(Saved entries)

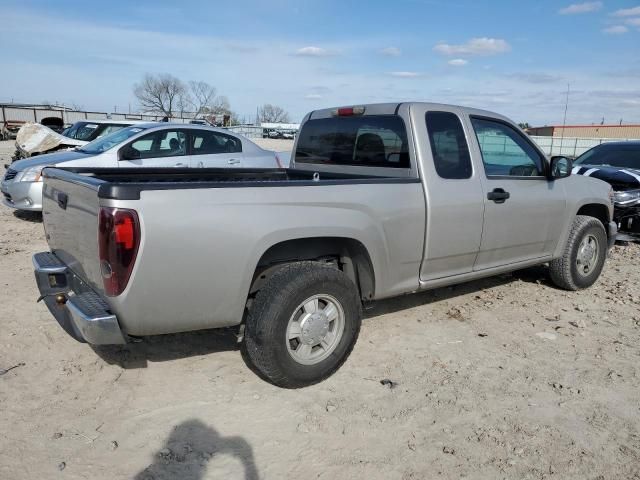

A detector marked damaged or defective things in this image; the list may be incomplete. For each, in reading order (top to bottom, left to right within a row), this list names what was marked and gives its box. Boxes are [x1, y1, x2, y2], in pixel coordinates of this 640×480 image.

damaged car [12, 119, 148, 160]
damaged car [572, 142, 640, 240]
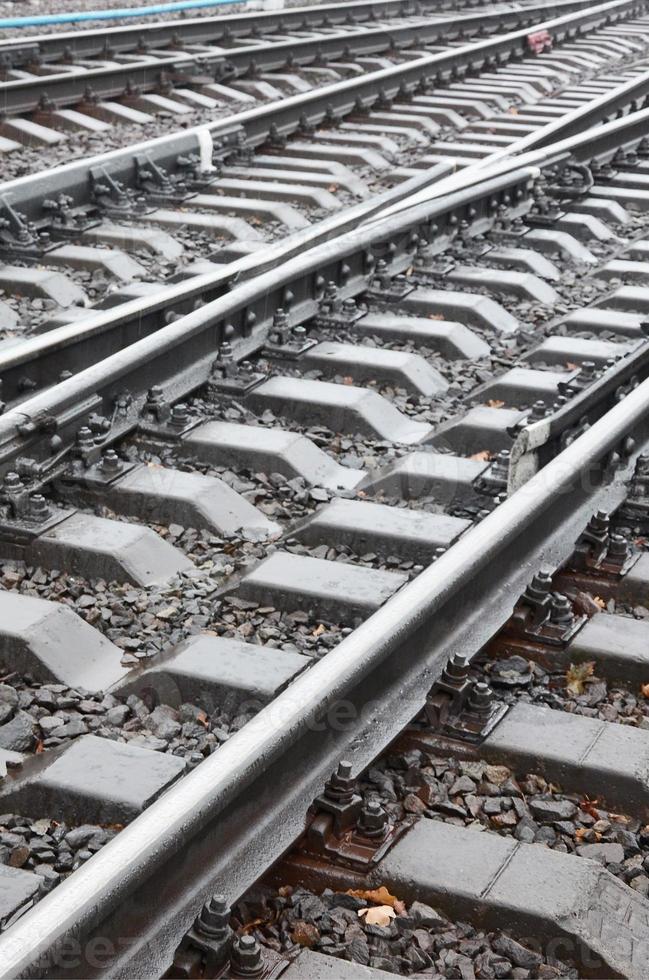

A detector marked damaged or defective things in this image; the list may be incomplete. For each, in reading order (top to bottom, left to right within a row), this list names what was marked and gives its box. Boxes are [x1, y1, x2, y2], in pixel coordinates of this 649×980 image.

rusty bolt [229, 932, 262, 976]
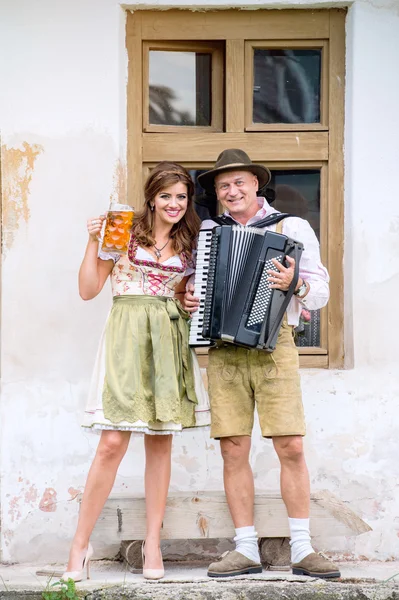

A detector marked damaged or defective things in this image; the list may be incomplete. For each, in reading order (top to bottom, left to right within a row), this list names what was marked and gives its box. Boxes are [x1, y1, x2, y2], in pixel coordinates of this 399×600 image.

peeling paint [1, 142, 43, 250]
peeling paint [109, 157, 126, 206]
peeling paint [38, 488, 57, 510]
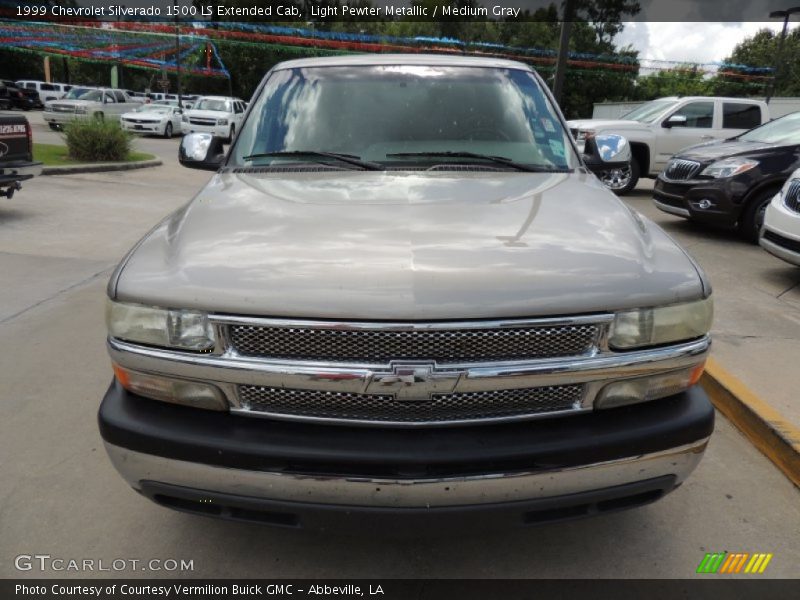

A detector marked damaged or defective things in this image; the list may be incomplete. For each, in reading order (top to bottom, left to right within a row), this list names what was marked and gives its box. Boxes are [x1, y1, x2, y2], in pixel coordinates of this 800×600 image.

pavement crack [0, 264, 112, 326]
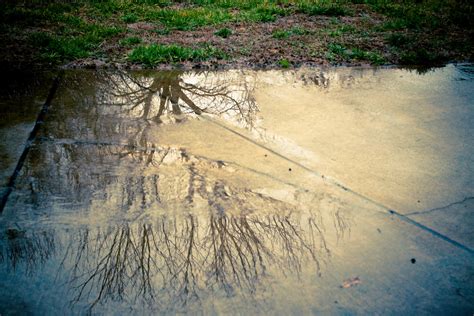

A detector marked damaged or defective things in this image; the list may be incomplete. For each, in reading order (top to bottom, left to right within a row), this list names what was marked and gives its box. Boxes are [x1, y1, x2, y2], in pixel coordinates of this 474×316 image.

pavement crack [404, 196, 474, 216]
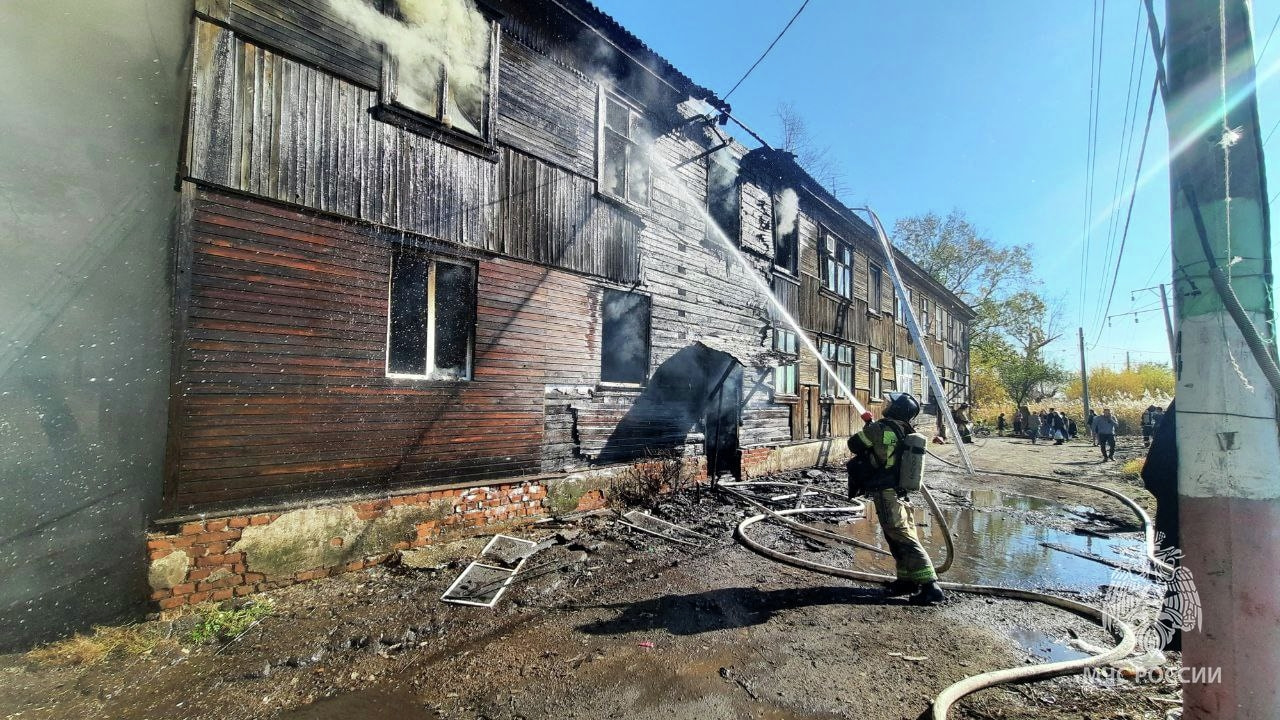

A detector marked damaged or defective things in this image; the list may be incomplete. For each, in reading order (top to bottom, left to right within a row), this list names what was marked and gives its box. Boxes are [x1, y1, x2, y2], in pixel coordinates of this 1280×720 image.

broken window frame [373, 8, 499, 149]
broken window frame [596, 89, 650, 206]
charred wooden siding [165, 188, 599, 507]
broken window frame [386, 248, 478, 381]
burned wooden building [142, 0, 967, 604]
broken window frame [593, 286, 645, 384]
broken window frame [768, 190, 798, 274]
broken window frame [773, 326, 793, 394]
broken window frame [819, 228, 849, 298]
broken window frame [819, 335, 849, 397]
broken window frame [865, 260, 885, 311]
broken window frame [865, 345, 885, 397]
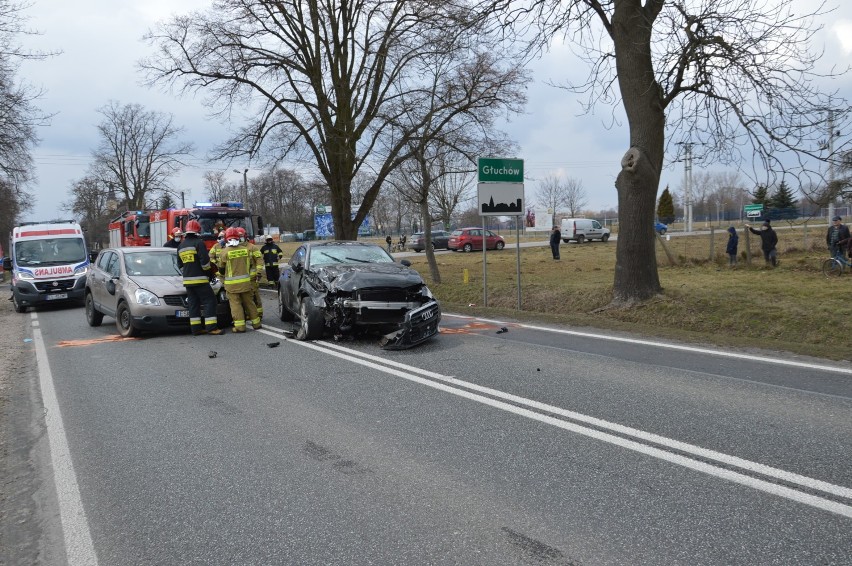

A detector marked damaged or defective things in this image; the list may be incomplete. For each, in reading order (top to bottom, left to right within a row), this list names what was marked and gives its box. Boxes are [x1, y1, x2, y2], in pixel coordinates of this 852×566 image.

crashed black audi [278, 241, 442, 348]
damaged silver car [278, 241, 442, 348]
crumpled car hood [312, 266, 424, 296]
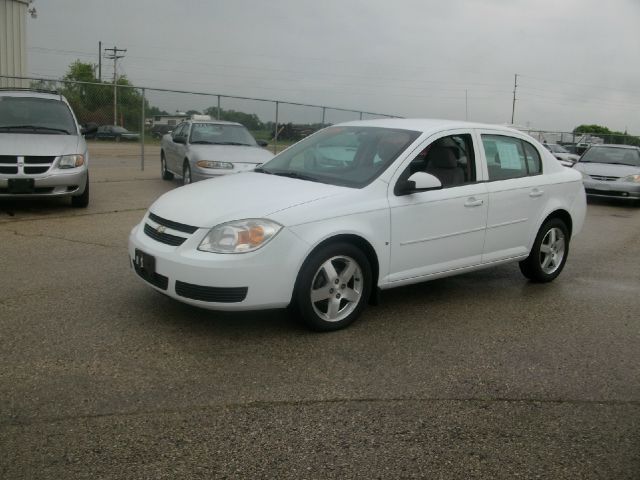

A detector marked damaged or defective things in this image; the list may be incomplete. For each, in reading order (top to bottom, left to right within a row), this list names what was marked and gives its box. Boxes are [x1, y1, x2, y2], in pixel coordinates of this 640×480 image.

PROBLEM STATEMENT →
Exactly the lines from the line containing "this 474×316 image." to the end of the records need to be copied, both ends included, with pictures left out.

TASK ANSWER →
A detector marked damaged or defective things in this image; the list may be incomplete. For each, in reading order (top to bottom, left to right within a row), this list names what was marked and gives its box. Boxes are [x1, y1, x2, y2], in pixel coordinates of this 474×316 image.

pavement crack [404, 196, 474, 216]

A detector marked damaged or defective things in this image; the list may be incomplete. For each, in reading order (top to bottom, left to right within a row), this list names what was marked and gives its box. Boxes are [x1, y1, x2, y2], in pixel coordinates of this 1280×720 image.

broken window frame [373, 8, 499, 149]
broken window frame [596, 89, 650, 206]
charred wooden siding [165, 188, 599, 507]
broken window frame [386, 248, 478, 381]
burned wooden building [142, 0, 967, 604]
broken window frame [593, 286, 645, 384]
broken window frame [768, 190, 798, 274]
broken window frame [773, 326, 793, 394]
broken window frame [819, 228, 849, 298]
broken window frame [819, 335, 849, 397]
broken window frame [865, 260, 885, 311]
broken window frame [865, 345, 885, 397]

A detector marked damaged or defective things in this image; the list may be incomplete. For each, in reading order (top to bottom, left to right within a row), this list names what was marked and gives its box. Boxes are [x1, y1, x2, y2], in pixel coordinates of this 852×566 image.

crashed black audi [278, 241, 442, 348]
damaged silver car [278, 241, 442, 348]
crumpled car hood [312, 266, 424, 296]

A detector marked damaged or defective things in this image; the list may be incomplete. For each, in reading order (top to bottom, left to right within a row), this list names what was marked and gives its box. Boxes are [x1, y1, x2, y2], in pixel coordinates of this 640×480 image.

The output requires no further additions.